# Custom voice for Gemmy Skulls



## heresjohnny (Feb 15, 2006)

A while back Dr Morbius started a great thread about driving a skull lantern with custom audio instead of the phrases that came with it from the store. He used what everyone calls the toy motor circuit, and it worked great for him. I tried the toy motor circuit and there were a couple of things I did not like. One, you needed a rather strong amplified output hooked up to the circuit and 2) you need a wall wart of computer power supply to power it. I really wanted something that would let me provide the audio, use a line or head phone level output from an mp3 player, and work with batterys.

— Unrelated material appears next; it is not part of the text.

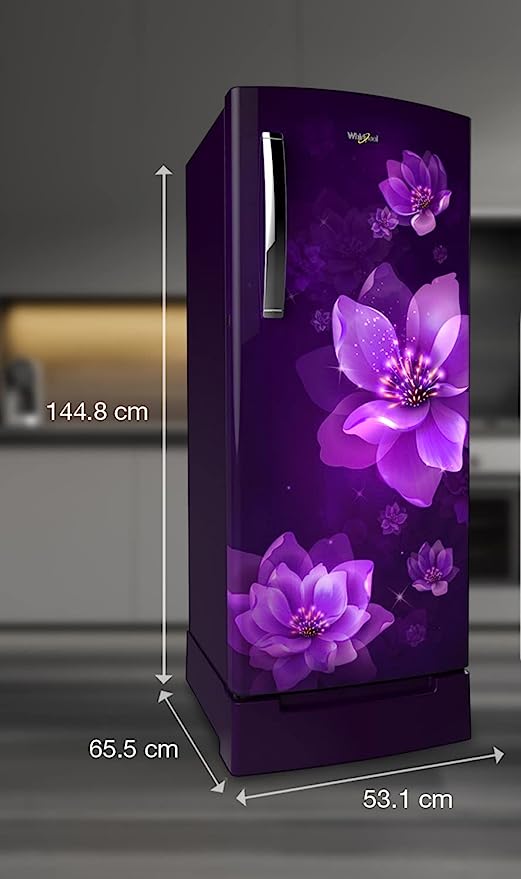 プリエール 215 IM PRO (ROY) (3S) PURPLE PEONY-Z - (192 LTRS)(3 STAR)(DRAWER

What I came up with was a modification to the Scary Terry Audio Driver circuit found here: Scary Terry Circuit. I added a Darlington pair (TIP120)on the output to drive the jaw. 









Here is a video of the circuit in action:






Some things about this circuit. It uses a headphone level input from an mp3 player, is adjustable, can drive the jaw and the LED eyes, and it can be connected in parallel with a powered speaker so you can control the volume of the audio without affecting the jaw action.

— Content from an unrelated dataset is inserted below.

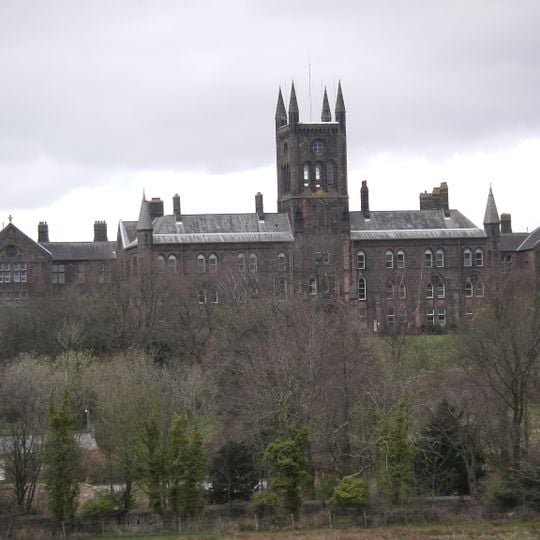 Moor Hospital, New Block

There were a couple of more things I wanted to add to the circuit. One is a latch that will hold the LED eyes on while talking, instead of flashing. The other is to drive a small motor briefly when the skull starts talking after a brief pause, this would be used to slowly turn the head back and forth. This would give you a talking head to your custom audio that would move back and forth a little while talking. Don't know if I will get the modifications done before Halloween or not.


----------



## samseide (Jun 1, 2010)

Very good hack! How much did you end up spending for all the parts list on this? I built my talking skeleton head using a arduino and a servo but an arduino is $35 then you spend $15 on a servo and it clocks in at $50 before you even add in eyes or other head movement. Was wondering if this ends up being a cheaper option.


----------



## Otaku (Dec 3, 2004)

Cool, John! I've seen some talking skulls at Target this year that have a set of canned phrases, but knowing what a pain they've been to hack I've always passed on buying them. Looks like this circuit fixed that little issue! Nice work - thanks for sharing this.
Just thought of something - does the sound source ground (MP3 player) need to be on the same ground plane as the rest of the circuit?


----------



## heresjohnny (Feb 15, 2006)

samseide, I don't have an exact price list, but its well under $10. The most expensive thing is the 5k pot.

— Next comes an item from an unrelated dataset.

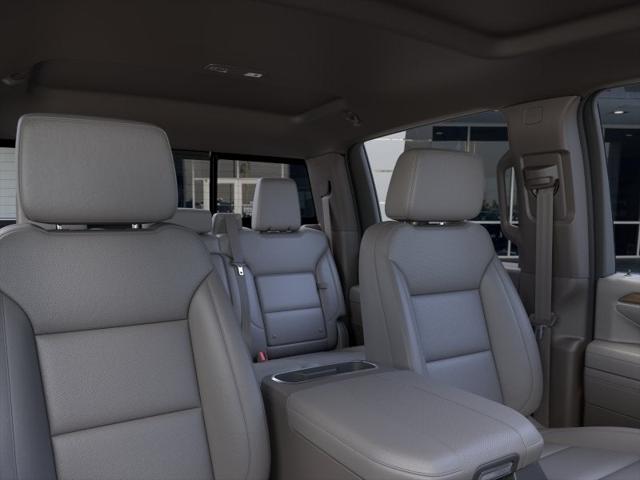 2026 GMC Sierra 3500HD Crew Cab, Long Bed, SLT Dual Rear Wheel, 4WD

Otaku, if you mean the input (where the mp3 player is plugged in via the jack), yes it shares common ground with the rest of the circuit.


----------



## samseide (Jun 1, 2010)

wow! under $10 is a great price point on these. Gonna have to look into building my skeleton army for next halloween.


----------



## Otaku (Dec 3, 2004)

Hey John, one more question. The line between D1 and R8, is that a connection or a crossover?


----------



## heresjohnny (Feb 15, 2006)

Thats a connection.



Otaku said:


> Hey John, one more question. The line between D1 and R8, is that a connection or a crossover?


----------



## Otaku (Dec 3, 2004)

Cool, thanks.


----------